Exercise instructions: Go to the line with "Jadi Istri Pilot" in the entries below and write out every line from there through the line with "Boğaziçi'ndeki Nureddin Yıldız", exactly and without pictures.

Material provided:
------------------------------------------------

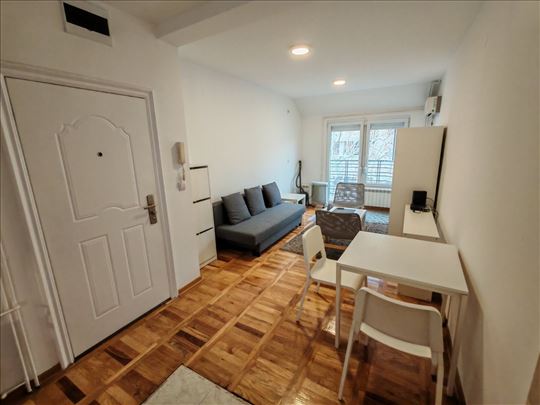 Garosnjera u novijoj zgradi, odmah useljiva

------------------------------------------------

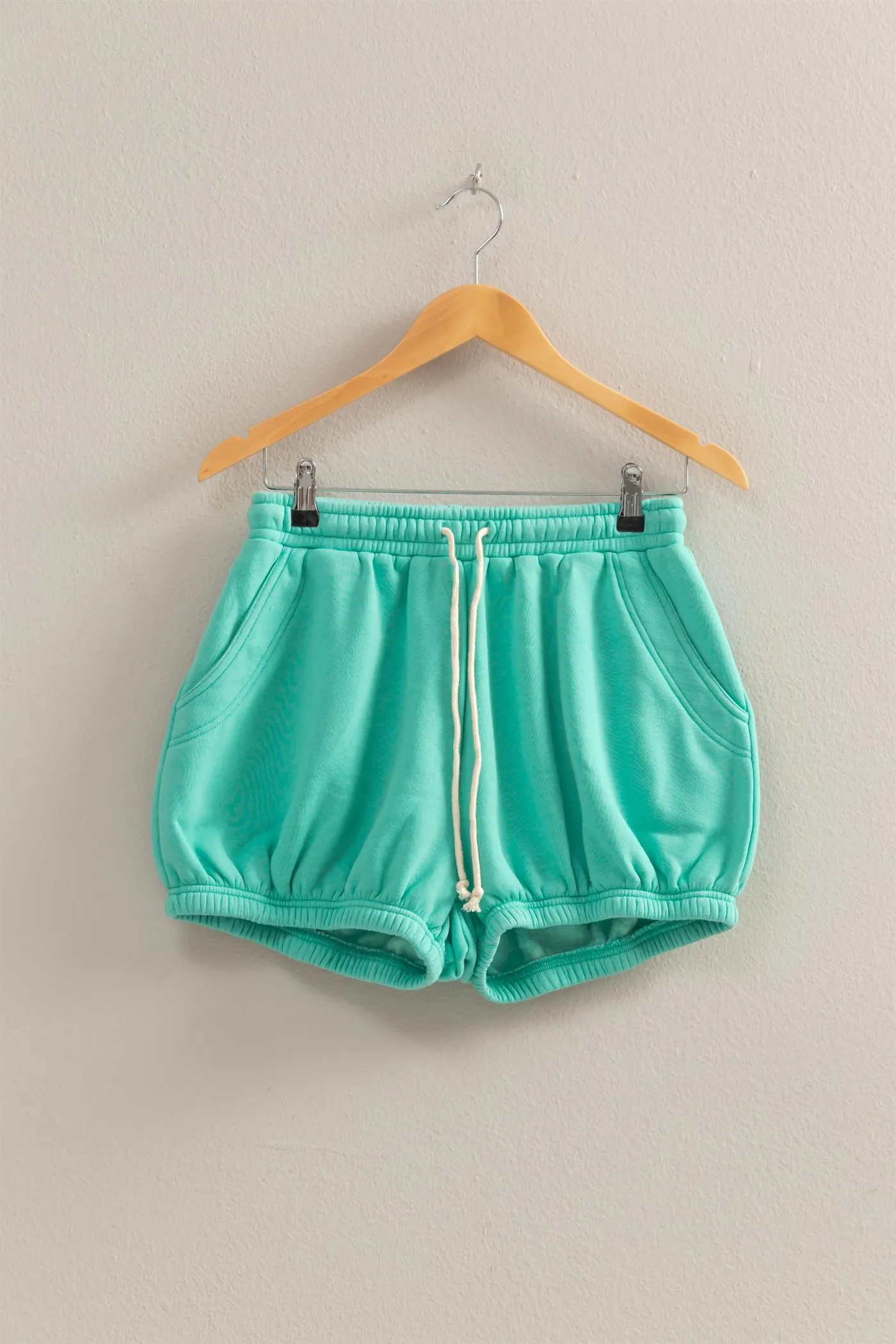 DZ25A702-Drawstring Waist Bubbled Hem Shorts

------------------------------------------------

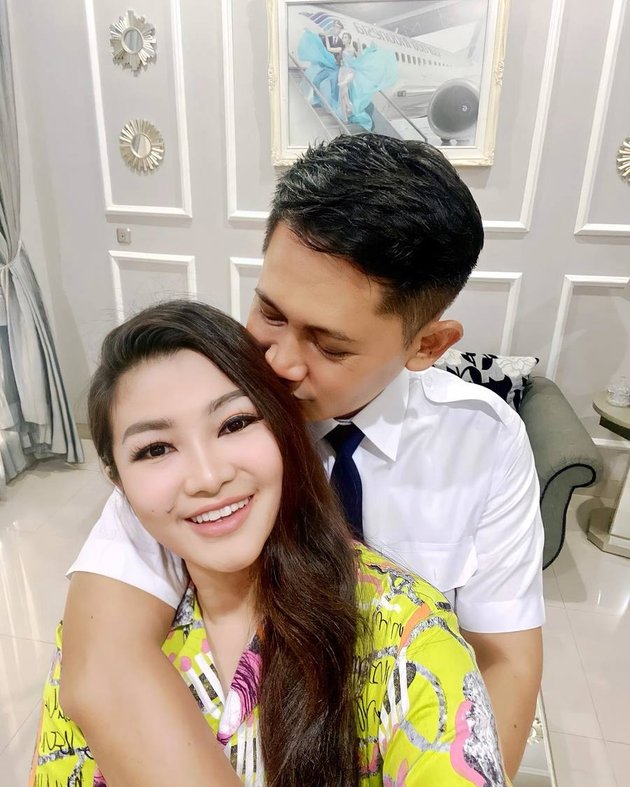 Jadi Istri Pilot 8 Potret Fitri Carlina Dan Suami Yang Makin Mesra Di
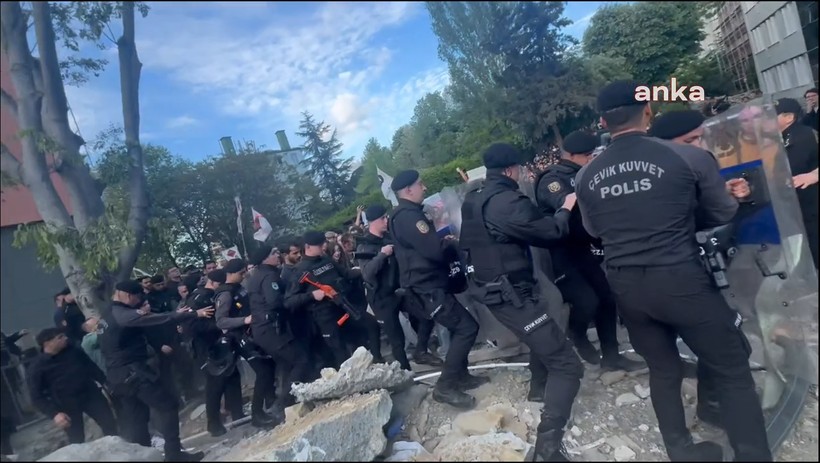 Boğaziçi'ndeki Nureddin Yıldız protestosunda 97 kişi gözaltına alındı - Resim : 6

------------------------------------------------

Expected output:
 Jadi Istri Pilot 8 Potret Fitri Carlina Dan Suami Yang Makin Mesra Di
 Boğaziçi'ndeki Nureddin Yıldız protestosunda 97 kişi gözaltına alındı - Resim : 6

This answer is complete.